Dana Milbank, writing on the Occupy DC & Take Make the American Dream rallies in Washington, concludes, "... liberals should by now know that a nuanced president cannot be a movement’s mouthpiece." ...
... I've posted a page on Krugman's column for today's Off Times Square. See also videos & links to stories below on Occupy Wall Street & related protests.
Is the Hostage Crisis Over? David Corn of Mother Jones: in his press conference (yesterday), President Obama once again signaled he was through "negotiating" with Hill Republicans who won't take "yes" for an answer. Still, inquiring reporters wanted to know, "Mr. President, why aren't you bending over backward to negotiate with a political opposition that threatened economic default in order to get its way?" (Corn's translation.) ...
... Yesterday, the Republican Majority Leader in Congress, Eric Cantor, said that right now he won’t even let this jobs bill have a vote in the House of Representatives. This is what he said. Won’t even let it be debated. Won’t even give it a chance to be debated on the floor of the House of Representatives. Think about that. I mean, what’s the problem? Do they not have the time? They just had a week off. Is it inconvenient? -- Barack Obama, Tuesday, October 4 ...

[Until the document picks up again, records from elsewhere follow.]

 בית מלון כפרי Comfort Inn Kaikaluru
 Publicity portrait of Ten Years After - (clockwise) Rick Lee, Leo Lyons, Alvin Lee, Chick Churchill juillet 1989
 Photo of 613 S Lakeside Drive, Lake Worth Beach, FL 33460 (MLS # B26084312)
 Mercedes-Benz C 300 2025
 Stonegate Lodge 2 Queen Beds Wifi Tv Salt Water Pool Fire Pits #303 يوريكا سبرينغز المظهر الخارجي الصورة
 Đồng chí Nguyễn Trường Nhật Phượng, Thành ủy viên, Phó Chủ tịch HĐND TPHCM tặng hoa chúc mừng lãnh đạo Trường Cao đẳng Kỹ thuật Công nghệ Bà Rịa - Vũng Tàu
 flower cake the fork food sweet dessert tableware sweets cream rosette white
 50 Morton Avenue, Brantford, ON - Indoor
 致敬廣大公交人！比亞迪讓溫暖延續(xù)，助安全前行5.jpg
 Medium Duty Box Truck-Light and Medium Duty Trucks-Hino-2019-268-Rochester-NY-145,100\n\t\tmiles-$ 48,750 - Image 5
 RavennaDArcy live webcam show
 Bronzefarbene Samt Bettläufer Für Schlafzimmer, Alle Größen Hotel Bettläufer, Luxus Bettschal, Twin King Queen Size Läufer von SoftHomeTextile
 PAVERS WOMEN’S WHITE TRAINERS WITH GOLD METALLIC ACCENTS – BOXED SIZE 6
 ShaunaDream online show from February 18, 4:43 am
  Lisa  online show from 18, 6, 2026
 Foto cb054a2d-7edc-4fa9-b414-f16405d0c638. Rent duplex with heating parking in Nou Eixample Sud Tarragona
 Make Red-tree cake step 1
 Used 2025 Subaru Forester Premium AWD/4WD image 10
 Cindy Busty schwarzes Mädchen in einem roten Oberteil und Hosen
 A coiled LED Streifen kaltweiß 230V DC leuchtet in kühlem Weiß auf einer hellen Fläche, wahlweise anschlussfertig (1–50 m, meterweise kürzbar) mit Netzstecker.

... Jonathan Cohn of The New Republic: "A new ABC-Washington Post poll suggests that, so far, Obama's campaign is working. The public still think that the president, like Congress, is doing a lousy job overall. But public support for the elements of his jobs bill is high. And, more important, Obama has opened up a substantial gap with the Republicans over which party voters trust more to handle 'job creation.'" The efforts of the Senate leadership to get ConservaDems on board may not be enough to get a filibuster-proof majority, but if Senate Democrats get more than 50 votes for the American Jobs Acts -- which they should be able to do -- "then the obstacle to enactment won’t be Democrats."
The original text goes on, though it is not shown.